S, Harini I
LLaVA Finds Free Lunch: Teaching Human Behavior Improves Content Understanding Abilities Of LLMs
Singh, Somesh, S, Harini I, Singla, Yaman K, Baths, Veeky, Shah, Rajiv Ratn, Chen, Changyou, Krishnamurthy, Balaji
Communication is defined as "Who says what to whom with what effect." A message from a communicator generates downstream receiver effects, also known as behavior. Receiver behavior, being a downstream effect of the message, carries rich signals about it. Even after carrying signals about the message, the behavior data is often ignored while training large language models. We show that training LLMs on receiver behavior can actually help improve their content-understanding abilities. Specifically, we show that training LLMs to predict the receiver behavior of likes and comments improves the LLM's performance on a wide variety of downstream content understanding tasks. We show this performance increase over 40 video and image understanding tasks over 23 benchmark datasets across both 0-shot and fine-tuning settings, outperforming many supervised baselines. Moreover, since receiver behavior, such as likes and comments, is collected by default on the internet and does not need any human annotations to be useful, the performance improvement we get after training on this data is essentially free-lunch. We release the receiver behavior cleaned comments and likes of 750k images and videos collected from multiple platforms along with our instruction-tuning data.

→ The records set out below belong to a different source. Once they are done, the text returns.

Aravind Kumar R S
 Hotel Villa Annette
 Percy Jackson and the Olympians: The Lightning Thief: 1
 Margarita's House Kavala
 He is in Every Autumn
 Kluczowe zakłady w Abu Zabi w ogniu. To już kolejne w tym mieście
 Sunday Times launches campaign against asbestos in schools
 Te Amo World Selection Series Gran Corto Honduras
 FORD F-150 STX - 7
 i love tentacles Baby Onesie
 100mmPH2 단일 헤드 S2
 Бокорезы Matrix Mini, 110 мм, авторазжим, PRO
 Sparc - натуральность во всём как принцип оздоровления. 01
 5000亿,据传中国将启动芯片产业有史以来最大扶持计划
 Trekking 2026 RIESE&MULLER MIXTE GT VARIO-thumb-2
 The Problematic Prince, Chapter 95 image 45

Long-Term Ad Memorability: Understanding and Generating Memorable Ads
S, Harini I, Singh, Somesh, Singla, Yaman K, Bhattacharyya, Aanisha, Baths, Veeky, Chen, Changyou, Shah, Rajiv Ratn, Krishnamurthy, Balaji
Marketers spend billions of dollars on advertisements but to what end? At the time of purchase, if customers cannot recognize the brand for which they saw an ad, the money spent on the ad is essentially wasted. Despite its importance in marketing, until now, there has been no study on the memorability of ads in the ML literature. Most studies have been conducted on short-term recall (<5 mins) on specific content types like object and action videos. On the other hand, the advertising industry only cares about long-term memorability, and ads are almost always highly multimodal, depicting a story through its different modalities. With this motivation, we release the first large-scale memorability dataset, LAMDBA, consisting of 1749 participants and 2205 ads covering 276 brands. Running statistical tests over different participant subpopulations and ad types, we find many interesting insights into what makes an ad memorable. For e.g., we find that brands that use commercials with fast-moving scenes are more memorable than those with slower scenes (p=8e-10) and that people who use ad-blockers remember fewer ads than those who don't (p=5e-3). Next, to simulate the memorability of marketing materials for a particular audience, we present a novel model, Henry, trained to leverage real-world knowledge of LLMs and visual knowledge to predict the memorability. We test Henry on all the prominent memorability datasets in literature (both images and videos) and achieve state-of-the-art performance across all of them. Henry shows strong generalization showing better results in 0-shot on unseen datasets. Next, we propose the task of memorable ad generation and release a large-scale ad dataset, UltraLAMBDA, consisting of 4 million ads with their Henry-assigned memorability scores. We show that aligning Henry to generate memorable content improves memorability scores by more than 25%.